Adjusted EBITDA and adjusted diluted EPS includes adjustments for transaction and integration costs, litigation expenses as well as restructuring costs and other adjustments as set forth in the financial table below. Transaction and integration adjustments are generally incremental costs that result from an actual or planned acquisition, divestiture or spin-off and may include transaction costs, consulting fees, retention awards, internal salaries and wages (to the extent the individuals are assigned full-time to integration and transformation activities), and certain costs related to integrating and separating IT systems. Litigation expenses primarily relate to the settlement of ongoing legal matters. Restructuring costs primarily relate to severance costs associated with business optimization initiatives.
We believe that adjusted EBITDA improves comparability from period to period by removing the impact of our capital structure (interest and financing expenses), asset base (depreciation and amortization), tax impacts and other adjustments as set out in the attached tables, which management has determined are not reflective of core operating activities and thereby assist investors with assessing trends in our underlying businesses.
We believe that organic revenue and organic revenue growth are important measures because they exclude the impact of foreign currency exchange rate fluctuations, revenue from acquired businesses and revenue from deconsolidated operations.
We believe that adjusted diluted EPS improve the comparability of our operating results from period to period by removing the impact of certain costs and gains, which management has determined are not reflective of our core operating activities, including amortization of acquisition-related intangible assets.
We believe that free cash flow and free cash flow conversion are important measures of our ability to repay maturing debt or fund other uses of capital that we believe will enhance stockholder value. We calculate free cash flow as cash flows from operations less capital expenditures plus proceeds from sale of property and equipment. We calculate free cash flow conversion as free cash flow divided by adjusted EBITDA, expressed as a percentage.
We believe ROIC provides investors with an important perspective on how effectively GXO deploys capital and use this metric internally as a high-level target to assess overall performance throughout the business cycle.
Management uses these non-GAAP financial measures in making financial, operating and planning decisions and evaluating GXO's ongoing performance.
With respect to our updated full-year 2024 guidance and our updated 2027 financial targets, a reconciliation of these non-GAAP measures to the corresponding GAAP measures is not available without unreasonable effort due to the variability and complexity of the reconciling items described above that we exclude from these non-GAAP target measures. The variability of these items may have a significant impact on our future GAAP financial results and, as a result, we are unable to prepare the forward-looking statements of income and cash flows prepared in accordance with GAAP, that would be required to produce such a reconciliation.

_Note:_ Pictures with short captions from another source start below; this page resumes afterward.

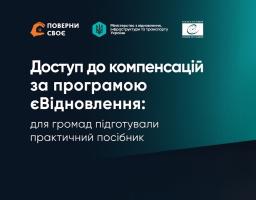 Доступ до компенсацій за програмою єВідновлення: для громад підготували практичний посібник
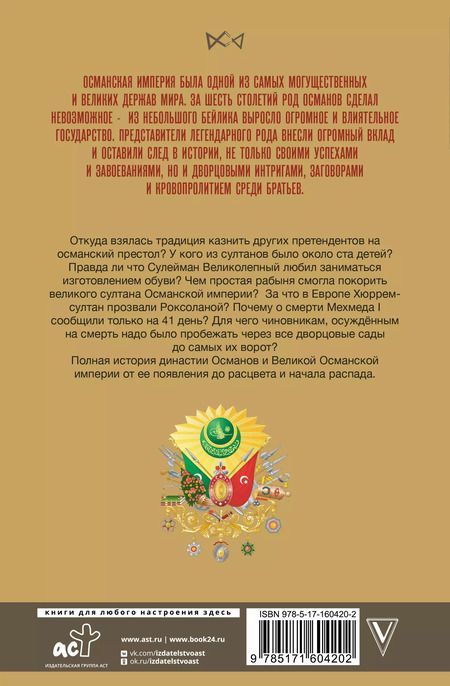 Фотография книги "Азиз Явуз: Османы. История великой империи"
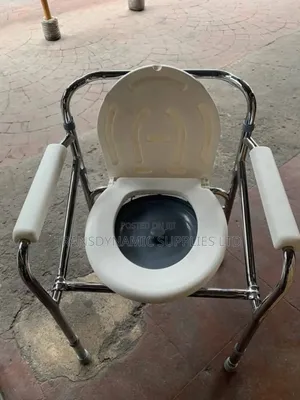 Foldable Commode Seat
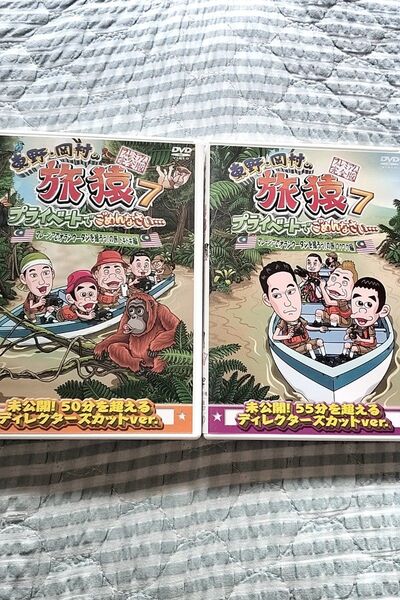 セル版〜「東野・岡村の旅猿7 …マレーシアでオランウータンを撮ろう!の旅 」〜2枚セット
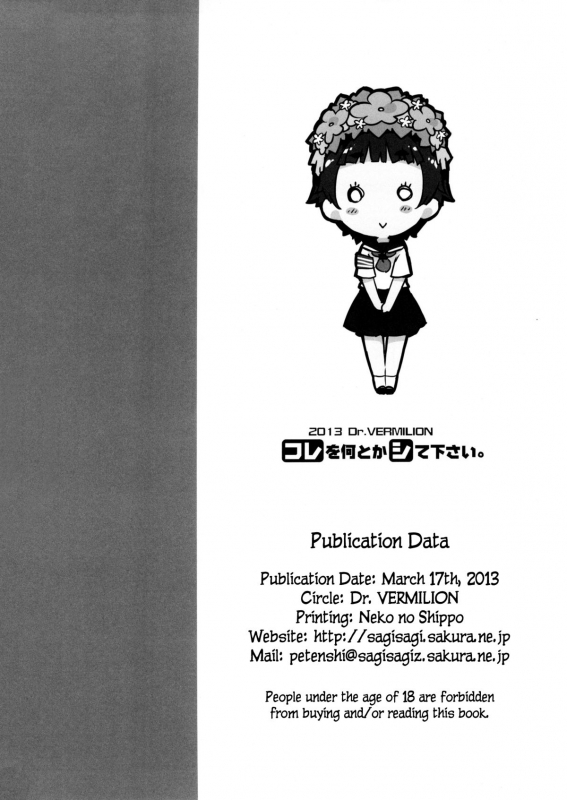(Manabiya no Sono) [Dr.VERMILION (Petenshi)] Kore_24
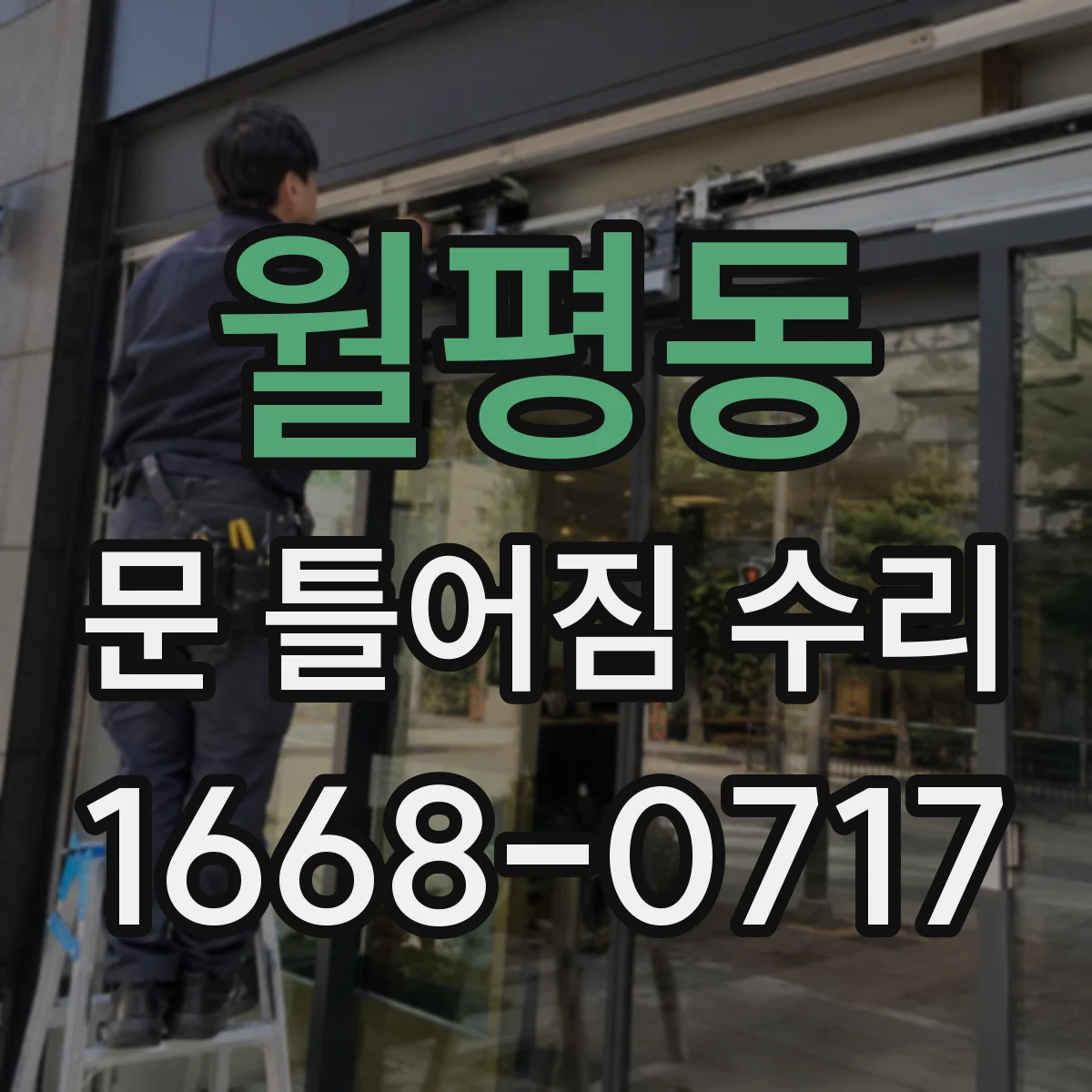 월평동 문 틀어짐 수리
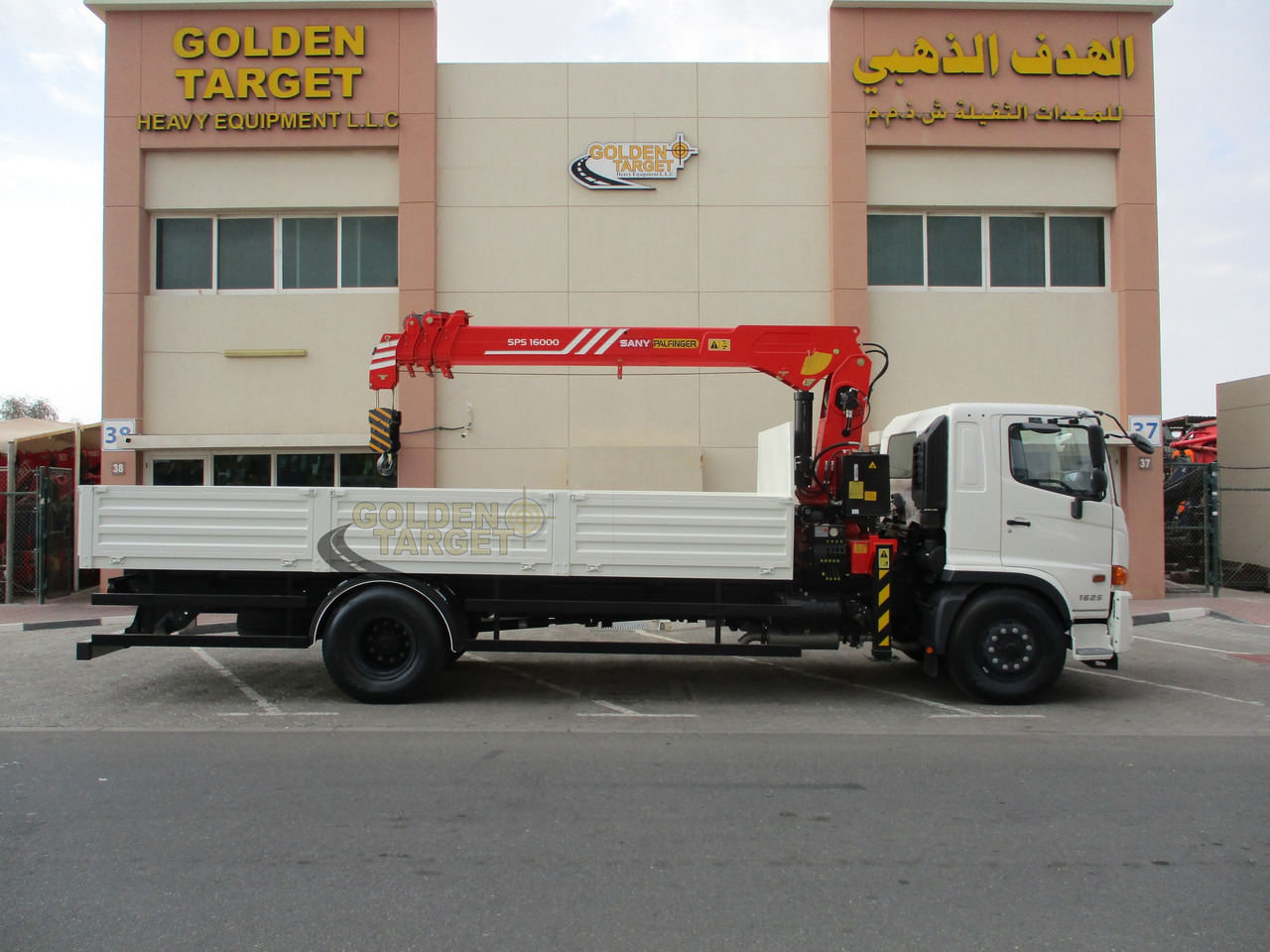 HINO 500 1625 4x2 with SANY PALFINGER SPS16000 Crane - Lastbil med kran: billede 5 HINO 500 1625 4x2 with SANY PALFINGER SPS16000 Crane - Lastbil med kran: billede 5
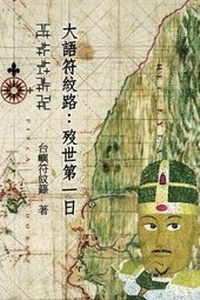 Enlarge image Cover: The Road of the Great Language Rune - eBook Dynasty, a Subsidiary of Solid Software Pty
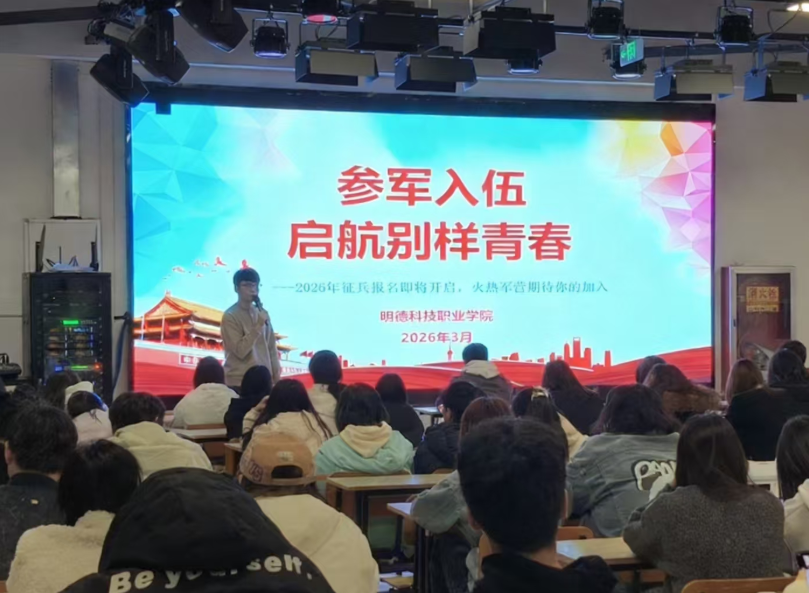 “青春筑梦强军路，热血报国正当时”明德科技职业学院举办2026年征兵宣讲会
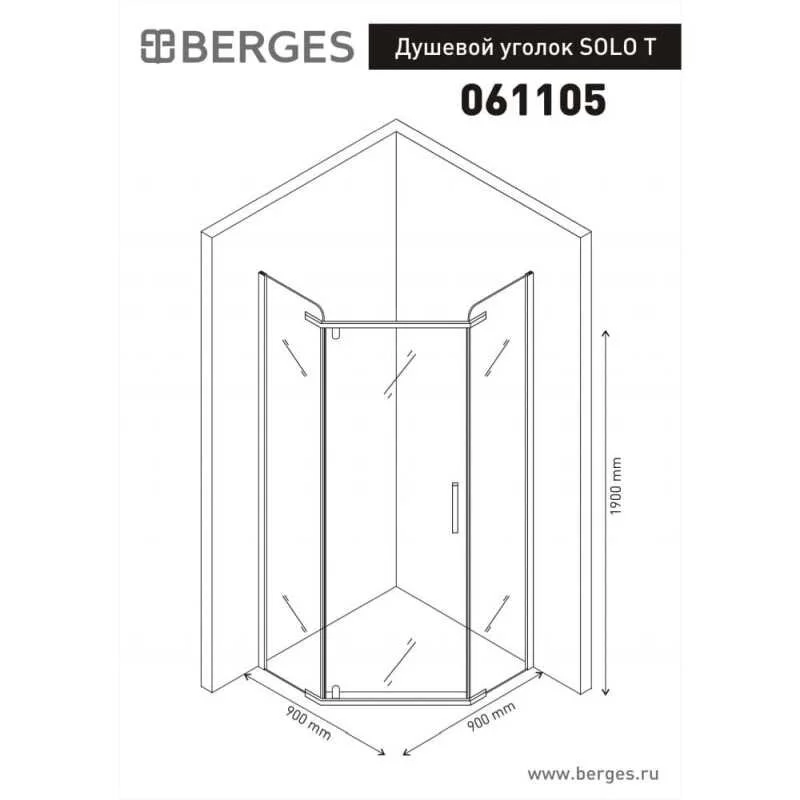 Душевой уголок Berges Solo T 061105 90х90х190 см, стекло прозрачное, профиль хром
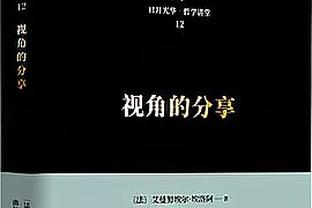 意天空：那不勒斯为马佐基开出报价，并加快萨马尔季奇谈判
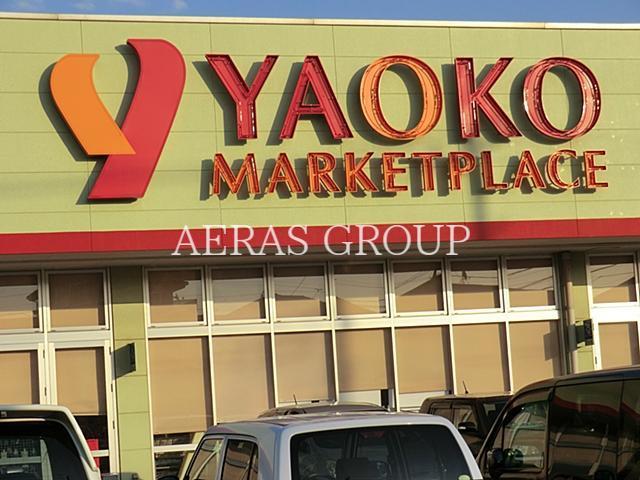 スーパー　ヤオコー 入間下藤沢店（スーパー）まで649m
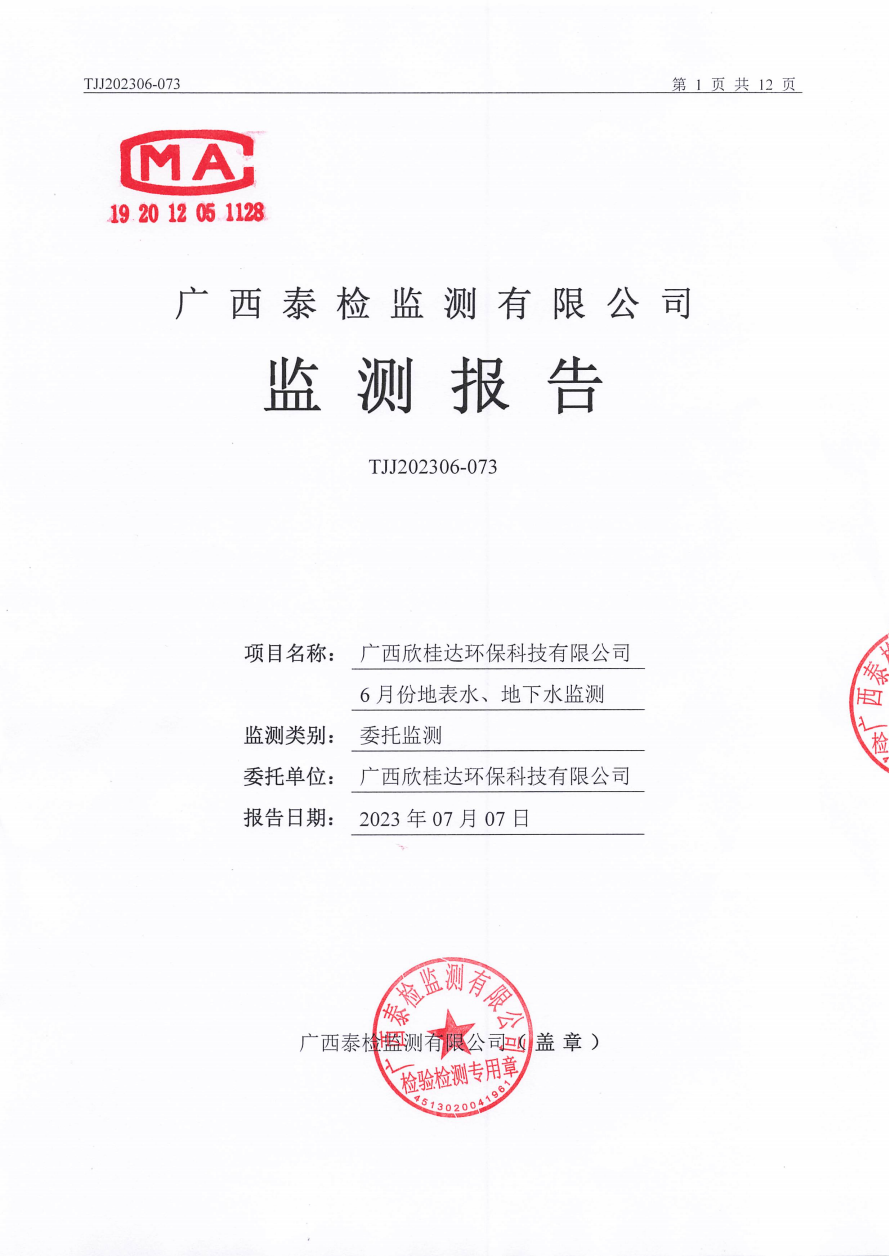 TJJ202306-073 广西欣桂达环保科技有限公司6月份地表水、地下水监测-审（定）2023-07-07(3)_00.jpg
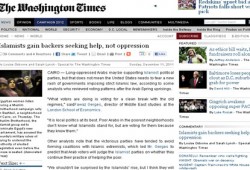 "الواشنطن تايمز" تنصح أمريكا ألا تخشى من فوز الإسلاميين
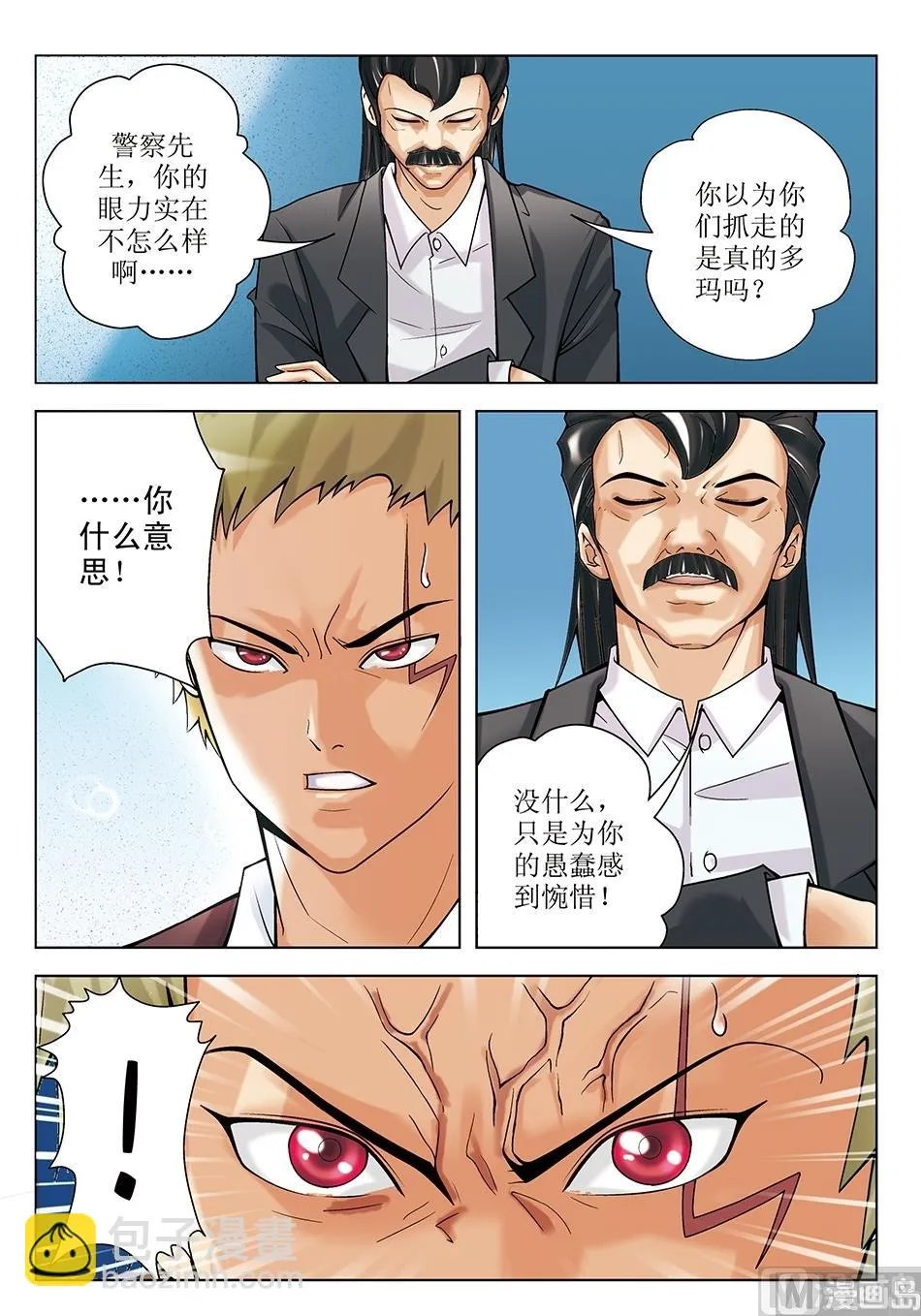 第21话 第5页
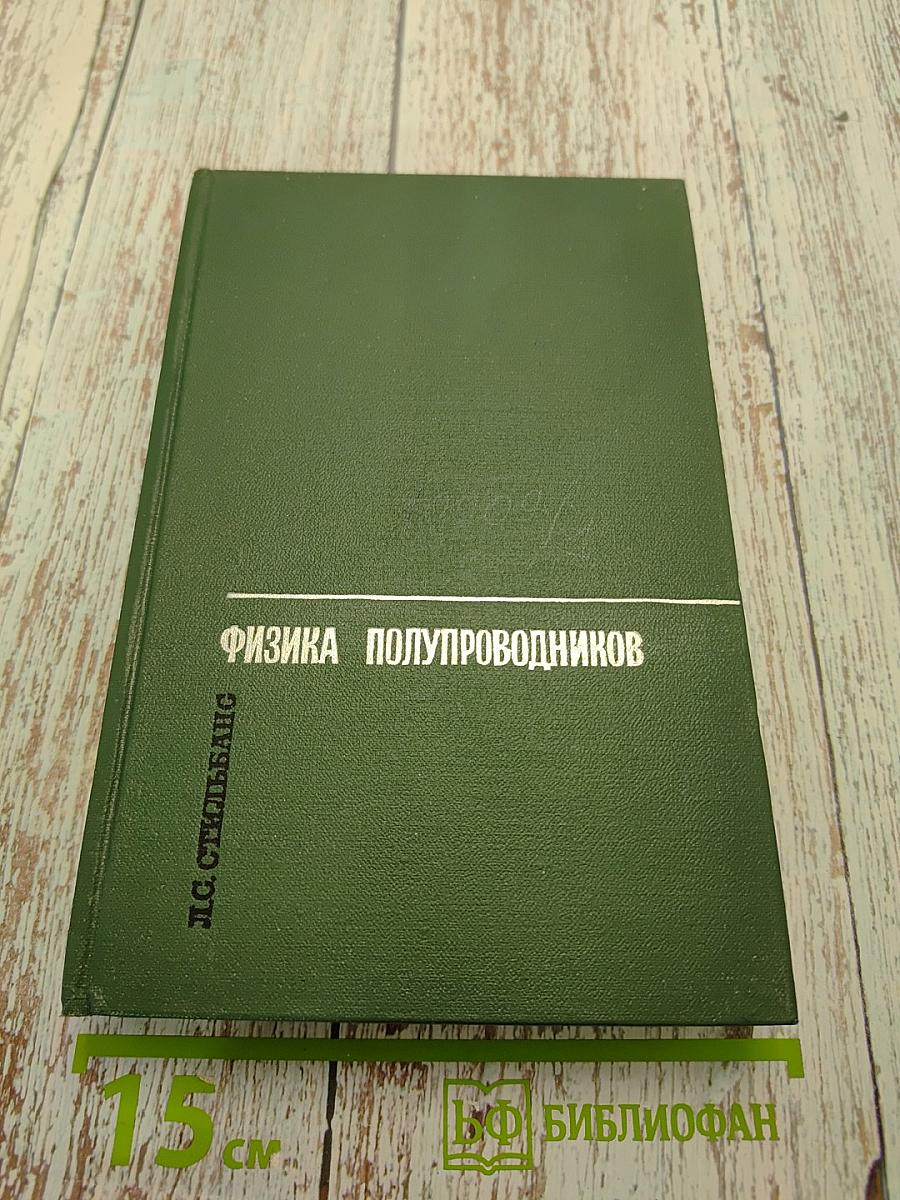 Физика полупроводников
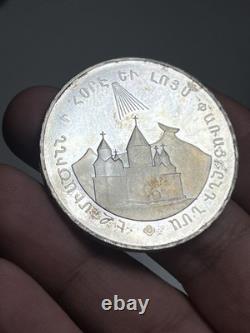 VAZKEN I Jubilee Medal (British Royal Mint) Rare Sterling Silver Collectible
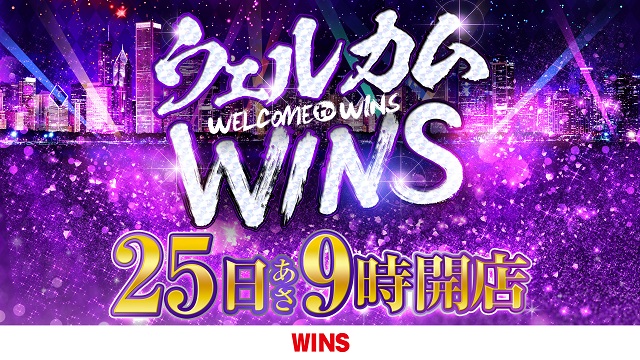 WINS本宮の最新情報画像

Preliminary Financial Information
The preliminary financial results for the quarter ended March 31, 2024 included in this press release are preliminary and unaudited and reflect our estimated financial results as of and for the three months ended March 31, 2024. In preparing this information, management made a number of complex and subjective judgments and estimates about the appropriateness of certain reported amounts and disclosures. The preliminary financial results included in this press release have been prepared by, and are the responsibility of, our management. Our actual financial results for the first quarter of 2024 have not yet been finalized by management. In addition, the preliminary financial results presented above have not been audited, reviewed, or compiled by our independent registered public accounting firm, KPMG LLP. Accordingly, KPMG LLP does not express an opinion or any other form of assurance with respect thereto and assumes no responsibility for, and disclaims any association with, this information. These results are not a comprehensive statement of all financial results as of and for the three months ended March 31, 2024. We are required to consider all available information through the finalization of our financial statements and their possible impact on our financial conditions and results of operations for the period, including the impact of such information on the complex judgments and estimates referred to above. As a result, subsequent information or events may lead to material differences between the information about the results of operations described herein and the results of operations described in our subsequent quarterly report. Accordingly, you should not place undue reliance on these preliminary financial results.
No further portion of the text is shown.